◆ Work instructions ◆
Transcribe the listing below only from the line with "Ethan Hayter conquista" up to and including the line with "5913 PRINCE JAMES".

##### Records for this task

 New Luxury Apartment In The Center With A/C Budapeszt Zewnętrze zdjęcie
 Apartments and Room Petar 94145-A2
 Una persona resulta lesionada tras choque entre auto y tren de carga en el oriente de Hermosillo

##########
##### Records for this task

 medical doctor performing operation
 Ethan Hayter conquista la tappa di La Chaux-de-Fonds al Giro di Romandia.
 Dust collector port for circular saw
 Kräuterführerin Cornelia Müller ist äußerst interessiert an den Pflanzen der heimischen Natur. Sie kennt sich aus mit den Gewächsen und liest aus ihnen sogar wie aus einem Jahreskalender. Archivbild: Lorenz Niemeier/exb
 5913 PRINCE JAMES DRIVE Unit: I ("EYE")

##########

◆ Expected output ◆
 Ethan Hayter conquista la tappa di La Chaux-de-Fonds al Giro di Romandia.
 Dust collector port for circular saw
 Kräuterführerin Cornelia Müller ist äußerst interessiert an den Pflanzen der heimischen Natur. Sie kennt sich aus mit den Gewächsen und liest aus ihnen sogar wie aus einem Jahreskalender. Archivbild: Lorenz Niemeier/exb
 5913 PRINCE JAMES DRIVE Unit: I ("EYE")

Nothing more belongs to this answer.